Saturday, August 13, 2022

Wildlife officials answer rumors of eliminating deer

The Western News | July 22, 2022 7:00 AM

It doesn’t come as much of a surprise that with aggressive efforts to reduce Chronic Wasting Disease by killing white-tailed deer in northwest Montana, there were rumors that state wildlife officials were trying to eliminate the animals.

The same rumors can be heard across the country.

“We’re not trying to eradicate deer, we are trying to reduce the prevalence in the population,” Montana Fish, Wildlife and Parks Region 1 Wildlife Manager Neil Anderson. “The goal is to limit deer densities because the more animals living in close proximity, the better the odds are for the disease to spread.”

Part of the plan to reduce deer densities is through hunting. Since 2019, when CWD was found in Lincoln County, FWP has offered over-the-counter deer licenses. They sold 600 the first year, 2,142 the second and 2,678 licenses last season.

But, according to Anderson, some local community members became concerned with how many hunters from out of the area they were seeing.

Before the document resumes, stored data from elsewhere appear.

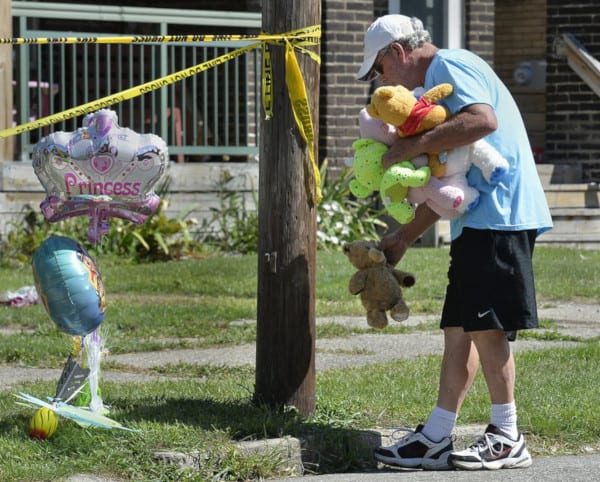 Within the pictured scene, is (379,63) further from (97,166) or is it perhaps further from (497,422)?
(497,422)

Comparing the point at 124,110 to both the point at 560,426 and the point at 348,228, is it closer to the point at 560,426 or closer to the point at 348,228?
the point at 348,228

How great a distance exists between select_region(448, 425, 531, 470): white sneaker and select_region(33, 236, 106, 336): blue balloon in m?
1.56

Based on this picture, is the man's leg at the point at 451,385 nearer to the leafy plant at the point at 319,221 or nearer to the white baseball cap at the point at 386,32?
the white baseball cap at the point at 386,32

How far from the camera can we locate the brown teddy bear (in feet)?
17.1

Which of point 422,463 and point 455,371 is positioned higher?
point 455,371

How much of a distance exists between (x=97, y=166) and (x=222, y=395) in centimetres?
129

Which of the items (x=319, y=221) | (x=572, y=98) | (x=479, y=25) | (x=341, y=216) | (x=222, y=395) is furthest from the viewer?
(x=572, y=98)

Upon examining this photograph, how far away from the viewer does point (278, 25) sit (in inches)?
209

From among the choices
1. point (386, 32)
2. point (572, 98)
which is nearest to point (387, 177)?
point (386, 32)

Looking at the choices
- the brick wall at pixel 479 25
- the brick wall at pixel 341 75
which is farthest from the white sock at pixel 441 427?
the brick wall at pixel 479 25

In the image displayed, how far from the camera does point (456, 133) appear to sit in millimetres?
4824

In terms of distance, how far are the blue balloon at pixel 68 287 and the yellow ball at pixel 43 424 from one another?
0.38m

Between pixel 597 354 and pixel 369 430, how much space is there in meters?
2.21

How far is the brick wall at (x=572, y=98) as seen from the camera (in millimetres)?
14445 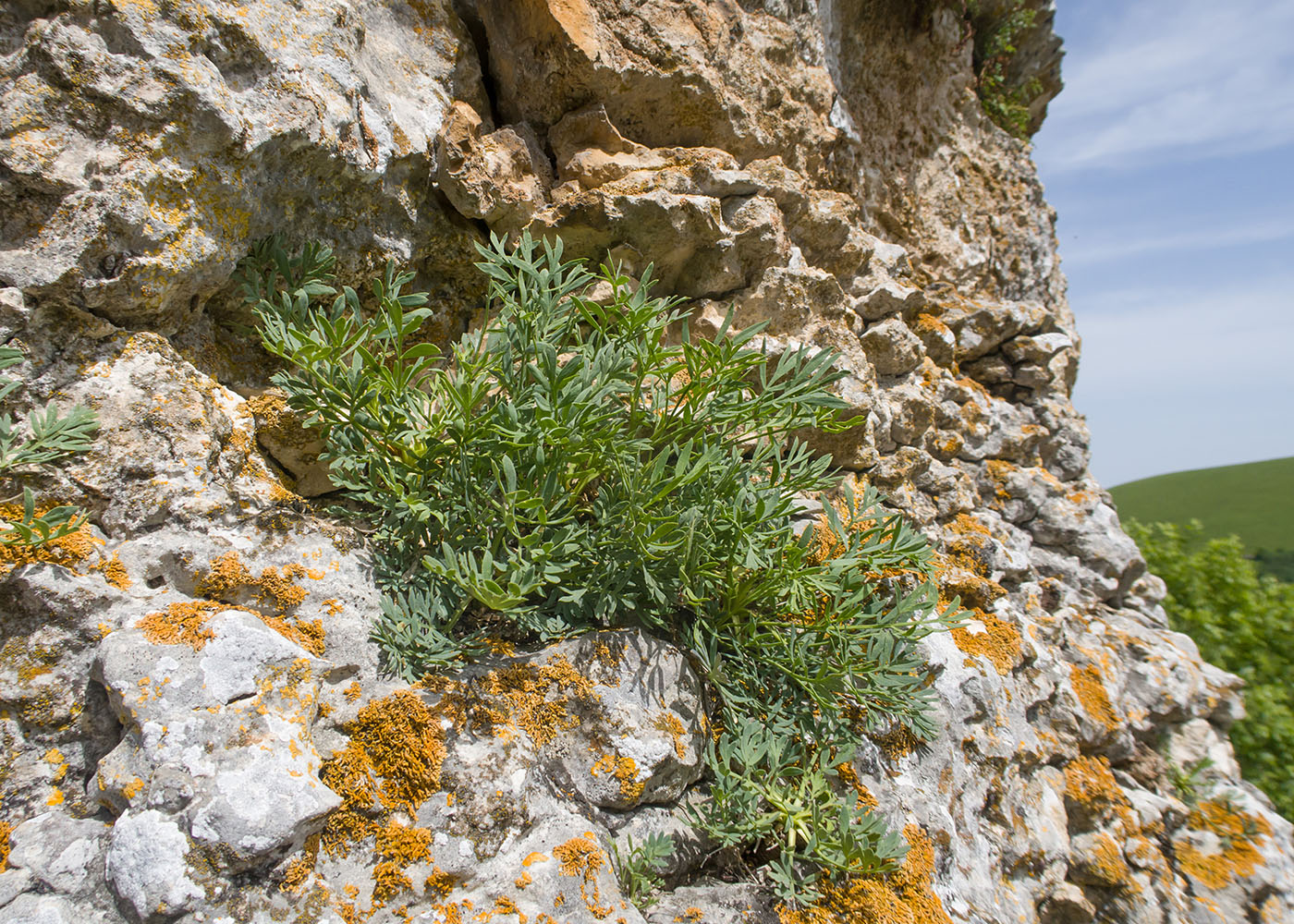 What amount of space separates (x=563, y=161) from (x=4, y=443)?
106 inches

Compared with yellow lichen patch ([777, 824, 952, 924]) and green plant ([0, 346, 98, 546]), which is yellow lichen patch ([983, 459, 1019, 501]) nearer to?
yellow lichen patch ([777, 824, 952, 924])

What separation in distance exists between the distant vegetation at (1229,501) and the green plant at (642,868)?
37.3m

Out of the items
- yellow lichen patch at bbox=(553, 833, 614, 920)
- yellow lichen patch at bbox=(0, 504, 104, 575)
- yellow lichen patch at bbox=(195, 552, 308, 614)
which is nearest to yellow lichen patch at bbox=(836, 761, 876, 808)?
yellow lichen patch at bbox=(553, 833, 614, 920)

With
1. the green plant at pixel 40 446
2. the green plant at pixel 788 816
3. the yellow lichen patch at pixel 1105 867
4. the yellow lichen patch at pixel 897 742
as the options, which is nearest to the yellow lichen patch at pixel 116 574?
the green plant at pixel 40 446

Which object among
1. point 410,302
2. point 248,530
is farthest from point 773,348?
point 248,530

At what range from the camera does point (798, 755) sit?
2.67 meters

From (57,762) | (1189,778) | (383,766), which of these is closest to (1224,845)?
(1189,778)

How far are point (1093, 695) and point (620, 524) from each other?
3.25m

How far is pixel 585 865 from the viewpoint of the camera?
2.19m

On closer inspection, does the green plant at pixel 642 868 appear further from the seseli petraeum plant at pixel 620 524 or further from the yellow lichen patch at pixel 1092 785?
the yellow lichen patch at pixel 1092 785

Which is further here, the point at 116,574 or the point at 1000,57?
the point at 1000,57

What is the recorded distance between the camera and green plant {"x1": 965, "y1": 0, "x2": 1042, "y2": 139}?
6488 mm

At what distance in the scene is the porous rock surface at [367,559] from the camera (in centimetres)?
200

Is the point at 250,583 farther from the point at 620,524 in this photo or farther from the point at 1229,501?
the point at 1229,501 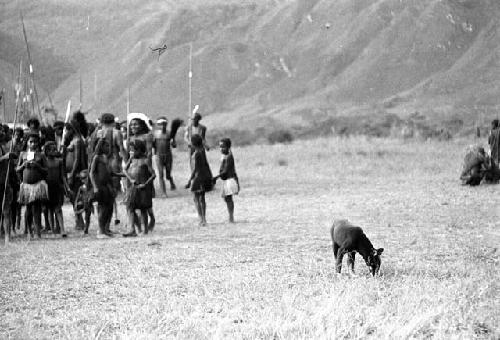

FWP asked the Montana Fish and Wildlife Commission to limit the number of licenses, which are only valid within the Libby Chronic Wasting Disease Management Zone in Lincoln County

“That’s why we switched from over-the-counter to a B license,” Anderson said. “With it being a B license, no more than 10% of non-residents could get one.”

But the plan hit a bit of a snag when only 436 B licenses, out of 2,000 either-sex licenses available, were sold by the June 1 deadline.

“The rest went into a surplus drawing and those are not limited to non-residents,” Anderson said.

But the surplus license sale ended Wednesday, July 20.

“If any licenses remain, they’ll be available over-the-counter,” Anderson said. “It’ll be another week or so before we know if there are any licenses left.”

The Centers for Disease Control and Prevention (CDC) recommends that hunters harvesting a deer, elk, or moose from an area where CWD is known to be present have their animal tested for CWD prior to consuming the meat, and to not consume the meat if the animal tests positive.